Education Savings Accounts: Re-thinking Delivery of Public Education
By Brittany Corona
In many ways, Max is an average, albeit successful, student at Loyola Marymont University in California, but Max’s journey to college wasn’t typical. While in high school he climbed Mount Kilimanjaro, swam the Alcatraz, and threw the first pitch of the season for the 2011 Arizona Diamond Backs. And Max was born legally blind.
Max’s parents Marc and Lisa knew their son was exceptionally bright and ambitious. They wanted to give him the best education possible, but couldn’t afford private school tuition. Fortunately, in 2011 Arizona Governor Jan Brewer signed the nation’s first Education Savings Account program into law, which allowed Marc and Lisa to send Max to Brophy College Preparatory, buy a talking computer, braille textbooks, and save over $6,000 for Max’s college tuition at Loyola Marymont. The Education Savings Account program opened new doors of opportunity for Max, and thousands of other students across the nation.
With Education Savings Accounts (ESA) states are re-thinking public-funded education. Often described as an “education debit card,” ESAs allow parents to access a portion of the state funds pre-allocated for their child’s schooling in a restricted- government authorized account. Parents can then use these funds like a debit card to purchase government approved education tools and services. ESAs therefore empower parents to create a customized educational experience for their child. This ability to separate the financing of education from its delivery has the potential to change the entire public-funded schooling landscape by creating new channels of competition and innovation for education providers.
Among approved education providers for ESAs include: private school tuition, textbooks, curricula, online learning, AP courses, individual public school courses, education therapies, and a host of other options for parents to tailor their child’s education around their individual learning needs. Like Marc and Lisa did for their son Max, ESA parents can even rollover unused funds from year to year and into a college savings account upon the child’s high school graduation.

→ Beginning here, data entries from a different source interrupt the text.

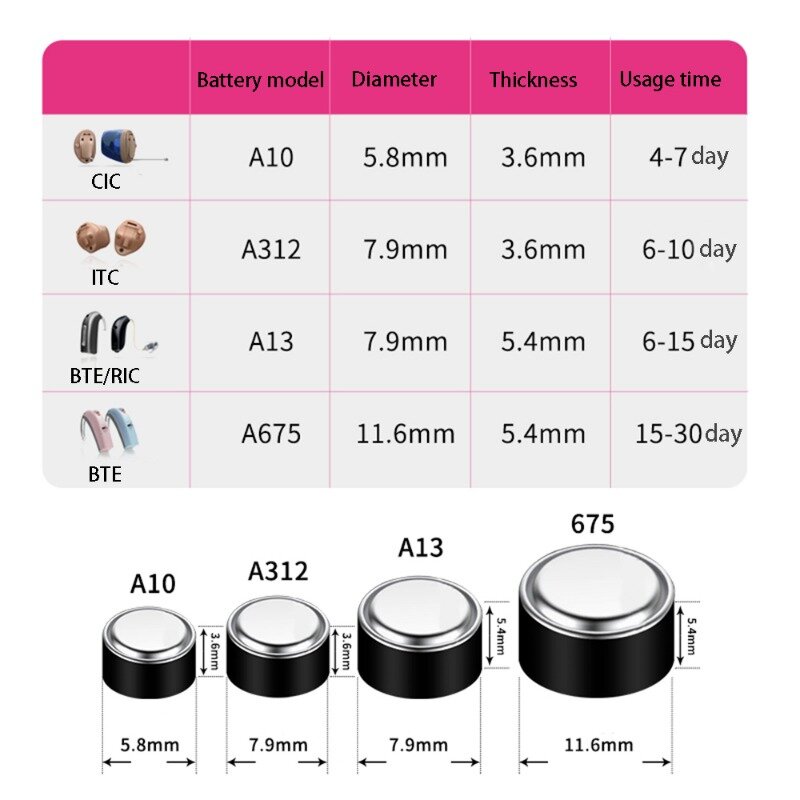 (120 pz) batterie per apparecchi acustici Rayovac Extra senza mercurio Size10 ZA10 10A P10 PR70 batteria zinco aria per Mini CIC apparecchio acustico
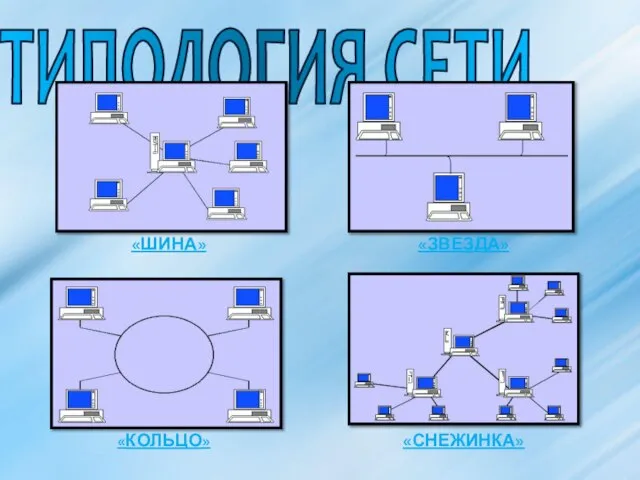 ТИПОЛОГИЯ СЕТИ «ШИНА» «ЗВЕЗДА» «КОЛЬЦО» «СНЕЖИНКА»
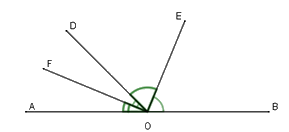 Trắc nghiệm Bài 11: Định lí và chứng minh định lí Toán 7 Kết nối tri thức 0 5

As of March 2017 five states have passed ESA programs: Arizona, Florida, Tennessee, Mississippi, and Nevada. Although each state allows families flexibility to direct public education dollars to better learning options, each state’s policy differs regarding its eligibility, administration, accountability and transparency. For example, when Arizona’s program was first adopted in 2011, only children with special needs were eligible for the accounts. Now in its sixth year, the program has been expanded five times to include children from “failing” schools, active duty and fallen military, children in adoptive care, incoming kindergarteners, and children from tribal lands. Whereas Florida, Tennessee and Mississippi have restricted use to the accounts to children with special needs, in 2015 Nevada passed an ESA that would allow all of their students (who have been in public school at least 100 days) to access an ESA for their education needs.
Education Savings Accounts are the new way states are considering allocating their public education dollars, making schooling student-centric and thinking outside of the constraints of the traditional brick and mortar classroom. Every year more state legislatures are considering adopting an ESA to meet their students’ learning needs and foster new innovation in their public-funded education system.